Face it, tennis is a hard sport and it’s a mental sport.

Tennis is going to test your character as a person, but the great thing about that is, you will be able a build a stronger one while playing the sport. The first step in this “fighting spirit development” is to learn how to deal with failure and setbacks, by mentally recovering as soon as you can. You can do this by not taking it personally.
One match doesn’t have to define your career, now does it?
See, by focusing on our failures most of the time, we keep that dark memory etched into our subconscious minds all the time, and this reliving of it again and again is really mental suicide for many junior players, because they are killing their own self-image over and over when you do re-live it.
Discovering your own fighting spirit is actually fighting for your own self-mastery, meaning you will do anything that you can to stay away from thoughts that will weaken your mental game. Do it for a day first, then go for a week, after a month, you will be feeling stronger. The secret that few tennis players get is that, they really are the ones holding themselves back. Try to be aware of your thoughts daily and ask yourself this key question.
“How will thinking this way, affect my energy?”
I’m talking Law of Substitution here. Anytime a negative or failure thought comes into your mind, cast it out, then replace it with a more empowering one!

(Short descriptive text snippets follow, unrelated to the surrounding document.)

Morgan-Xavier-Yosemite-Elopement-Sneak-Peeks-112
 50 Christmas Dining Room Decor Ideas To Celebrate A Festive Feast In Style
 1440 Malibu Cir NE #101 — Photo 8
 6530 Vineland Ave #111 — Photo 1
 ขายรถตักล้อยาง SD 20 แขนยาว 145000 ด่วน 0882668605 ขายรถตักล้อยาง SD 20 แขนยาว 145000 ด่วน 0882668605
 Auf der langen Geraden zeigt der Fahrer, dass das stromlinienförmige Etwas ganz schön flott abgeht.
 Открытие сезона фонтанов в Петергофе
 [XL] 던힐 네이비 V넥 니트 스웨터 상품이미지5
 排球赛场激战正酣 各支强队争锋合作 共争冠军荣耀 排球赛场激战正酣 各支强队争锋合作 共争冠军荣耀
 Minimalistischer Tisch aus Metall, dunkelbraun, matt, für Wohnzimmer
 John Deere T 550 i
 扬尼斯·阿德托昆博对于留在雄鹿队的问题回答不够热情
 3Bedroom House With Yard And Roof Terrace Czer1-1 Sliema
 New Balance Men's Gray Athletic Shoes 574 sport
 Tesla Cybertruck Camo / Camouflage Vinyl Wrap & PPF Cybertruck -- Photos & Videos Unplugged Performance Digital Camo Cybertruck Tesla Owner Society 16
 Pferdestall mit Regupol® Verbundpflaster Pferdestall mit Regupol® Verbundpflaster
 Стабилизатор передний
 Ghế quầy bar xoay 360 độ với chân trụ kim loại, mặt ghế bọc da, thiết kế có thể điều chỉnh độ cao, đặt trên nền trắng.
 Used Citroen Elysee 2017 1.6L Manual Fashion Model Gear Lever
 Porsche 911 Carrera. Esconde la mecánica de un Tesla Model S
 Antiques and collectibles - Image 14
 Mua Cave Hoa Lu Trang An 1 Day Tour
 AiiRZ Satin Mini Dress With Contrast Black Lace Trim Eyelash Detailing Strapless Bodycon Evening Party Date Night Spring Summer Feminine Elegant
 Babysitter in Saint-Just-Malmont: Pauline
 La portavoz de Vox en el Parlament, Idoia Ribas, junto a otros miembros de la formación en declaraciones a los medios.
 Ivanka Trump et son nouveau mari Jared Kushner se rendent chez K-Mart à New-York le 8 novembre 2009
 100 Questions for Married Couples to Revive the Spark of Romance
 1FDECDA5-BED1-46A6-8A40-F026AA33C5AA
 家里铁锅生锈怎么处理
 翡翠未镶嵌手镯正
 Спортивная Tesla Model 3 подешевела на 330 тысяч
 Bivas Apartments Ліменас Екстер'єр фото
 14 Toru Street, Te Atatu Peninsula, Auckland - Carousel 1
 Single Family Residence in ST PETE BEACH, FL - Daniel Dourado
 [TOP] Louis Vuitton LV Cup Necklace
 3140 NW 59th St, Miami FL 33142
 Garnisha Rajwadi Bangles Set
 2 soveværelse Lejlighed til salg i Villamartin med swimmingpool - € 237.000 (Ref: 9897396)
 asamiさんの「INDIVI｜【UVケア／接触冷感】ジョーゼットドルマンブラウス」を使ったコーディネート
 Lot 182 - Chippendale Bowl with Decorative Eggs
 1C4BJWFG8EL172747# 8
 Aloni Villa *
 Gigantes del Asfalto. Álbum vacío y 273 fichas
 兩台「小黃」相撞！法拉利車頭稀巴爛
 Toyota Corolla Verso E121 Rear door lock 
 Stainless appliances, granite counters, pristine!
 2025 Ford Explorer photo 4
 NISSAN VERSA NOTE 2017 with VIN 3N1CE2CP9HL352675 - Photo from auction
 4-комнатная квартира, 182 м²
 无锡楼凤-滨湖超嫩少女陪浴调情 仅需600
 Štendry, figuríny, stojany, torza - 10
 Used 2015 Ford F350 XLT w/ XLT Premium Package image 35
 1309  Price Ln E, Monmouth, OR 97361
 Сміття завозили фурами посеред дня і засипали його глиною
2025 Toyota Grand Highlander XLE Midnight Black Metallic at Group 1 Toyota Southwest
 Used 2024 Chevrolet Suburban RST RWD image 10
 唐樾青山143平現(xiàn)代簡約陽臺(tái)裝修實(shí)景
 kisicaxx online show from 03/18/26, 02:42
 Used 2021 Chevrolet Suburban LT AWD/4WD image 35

The next step is to start playing every point with a do or die attitude in practice, players think they can turn this mindset on and off, but they can’t. Practices makes perfect, so start in practice, you can then let it carry over into your match play. This is how the Champions mentally train daily on and off the court.
That’s what separate them, from the rest of the players on tour, they want to be the best and they know a fighting spirit comes from playing at a certain high level all the time and that this is the only way to get there. Finding your inner fighting spirit, is a journey.